● **Exercise data**
============================================================

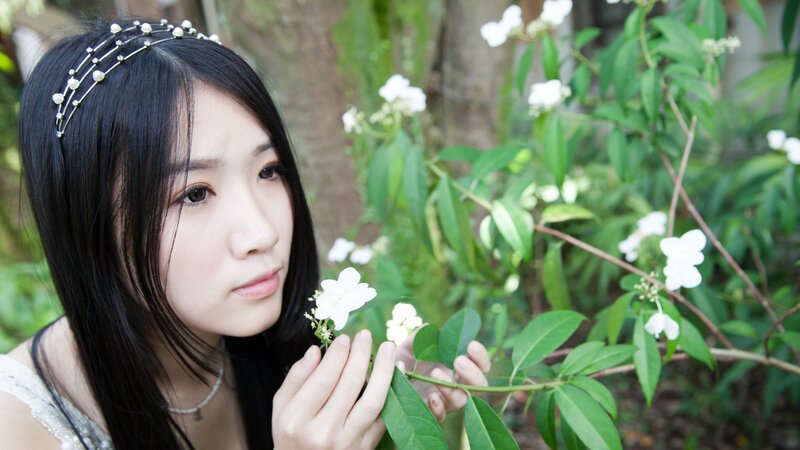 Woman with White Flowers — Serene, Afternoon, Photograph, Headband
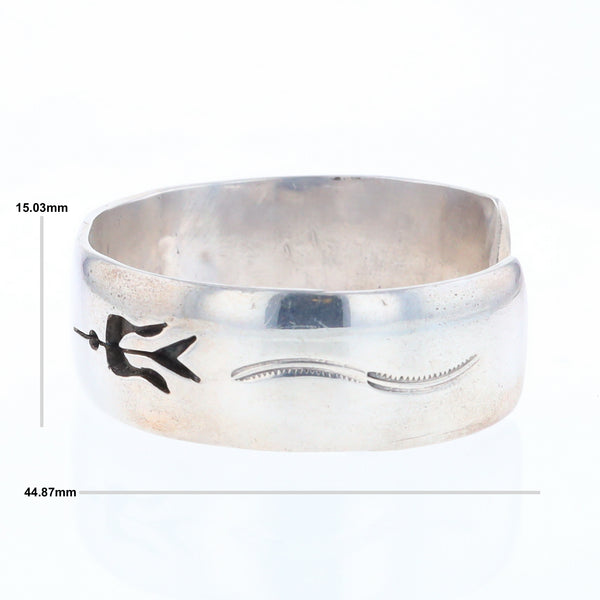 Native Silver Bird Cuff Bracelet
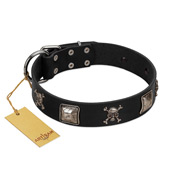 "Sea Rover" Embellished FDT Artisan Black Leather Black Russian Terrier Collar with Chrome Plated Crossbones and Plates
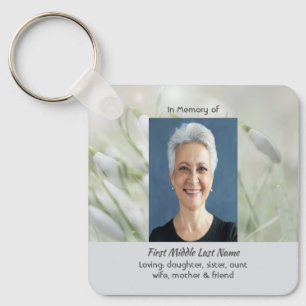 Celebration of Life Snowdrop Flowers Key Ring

============================================================

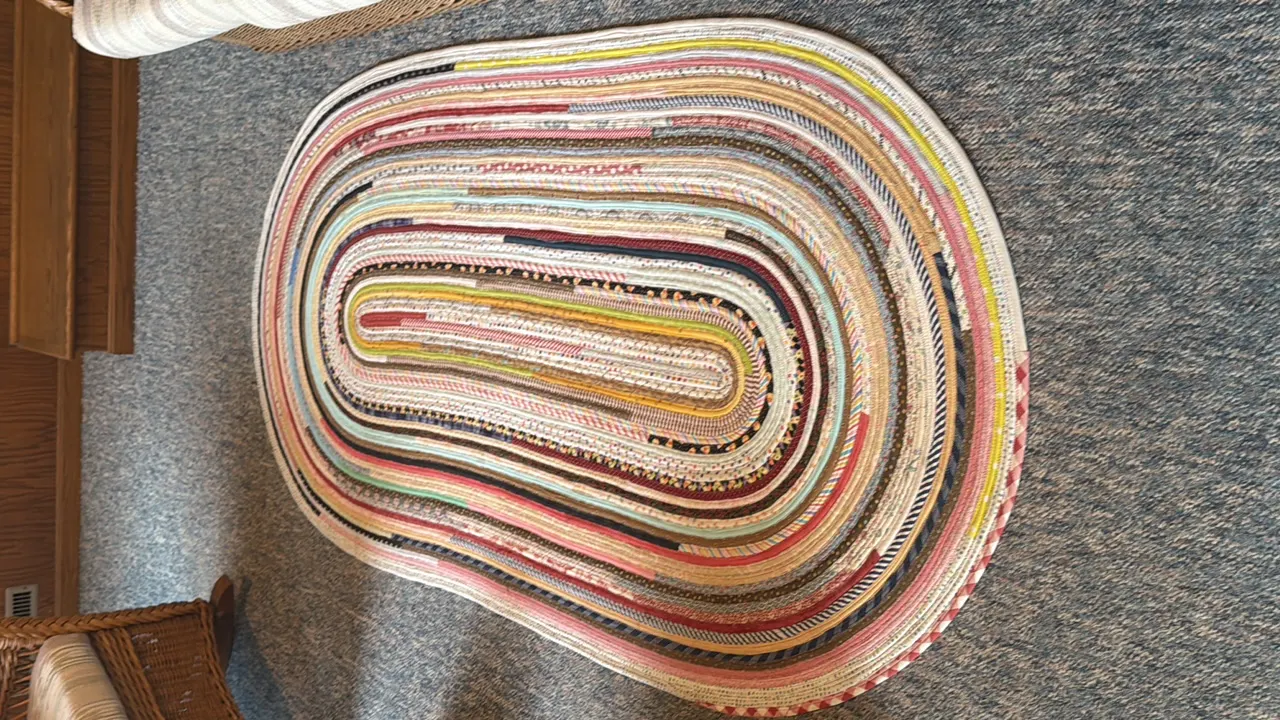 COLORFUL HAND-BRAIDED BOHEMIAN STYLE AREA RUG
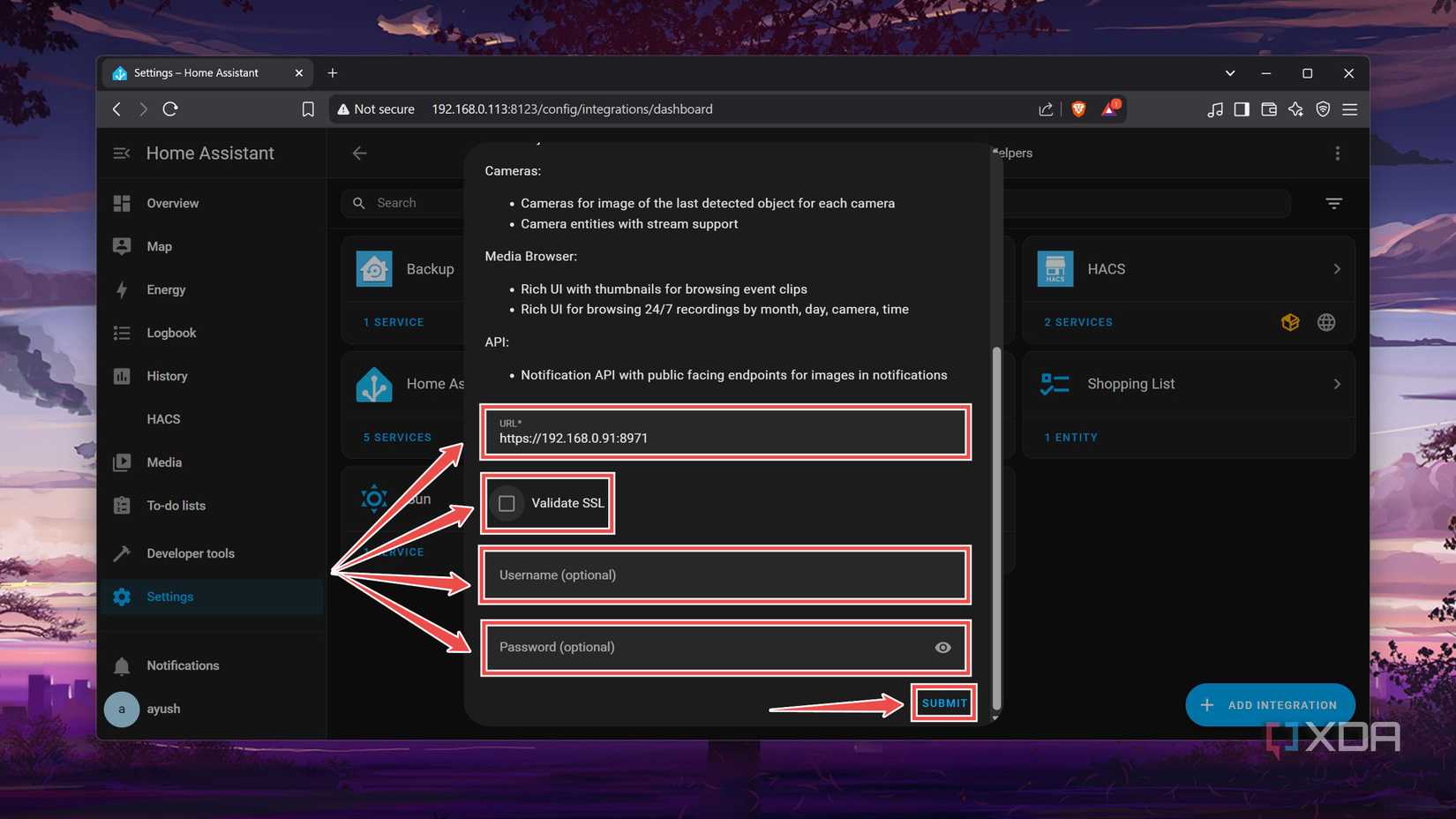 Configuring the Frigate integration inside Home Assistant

============================================================

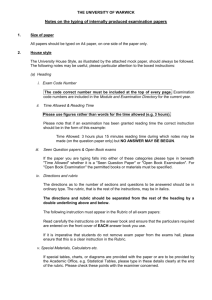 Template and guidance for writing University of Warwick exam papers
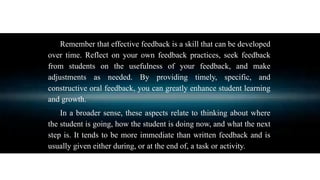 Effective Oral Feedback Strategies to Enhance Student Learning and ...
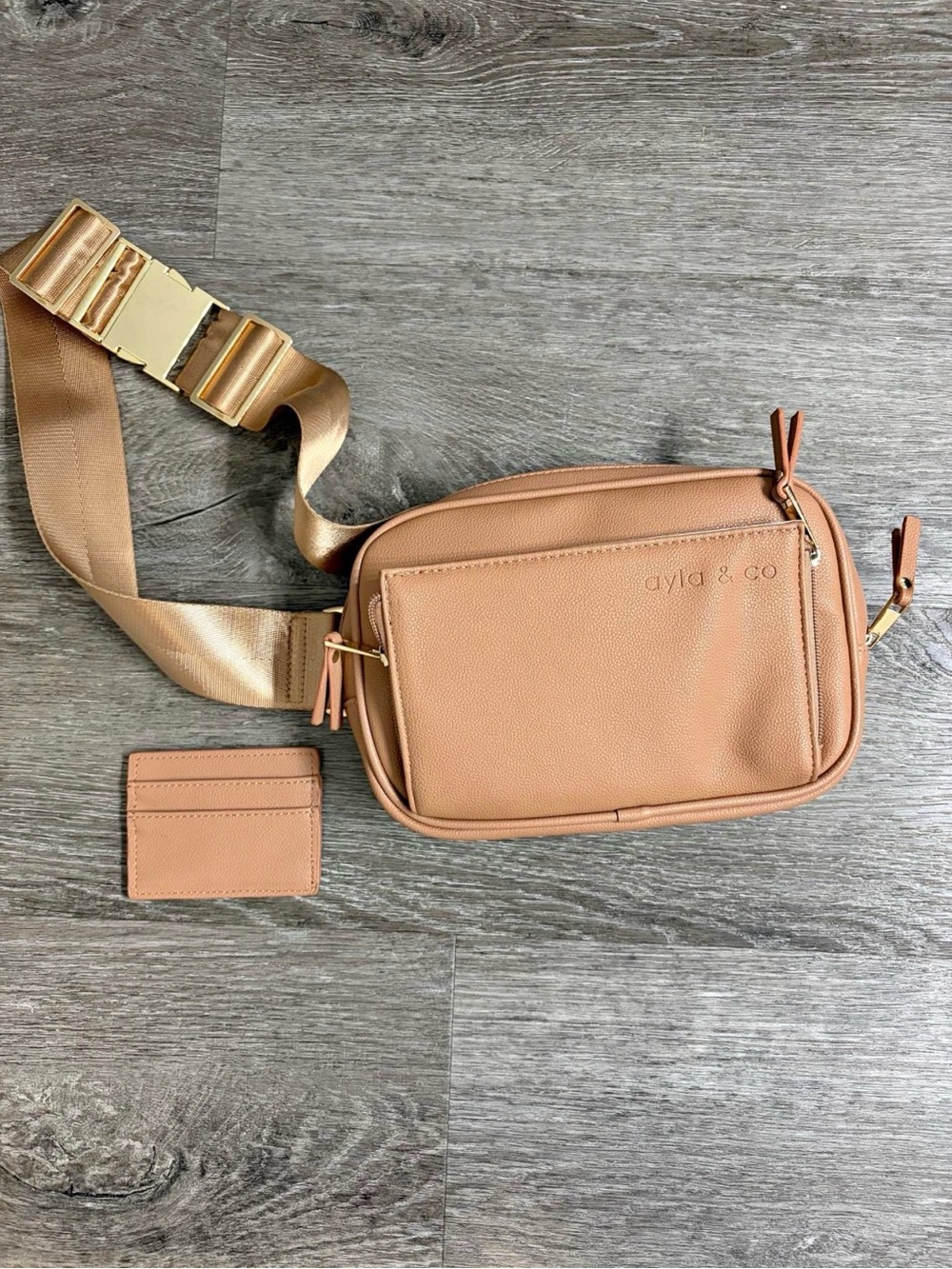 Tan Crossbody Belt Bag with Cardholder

============================================================

● **Task item**
Everything above from the line with "Native Silver Bird Cuff Bracelet" through the line with "Celebration of Life" should be retyped exactly, and nothing else; omit pictures.

● **Answer**
 Native Silver Bird Cuff Bracelet
 "Sea Rover" Embellished FDT Artisan Black Leather Black Russian Terrier Collar with Chrome Plated Crossbones and Plates
 Celebration of Life Snowdrop Flowers Key Ring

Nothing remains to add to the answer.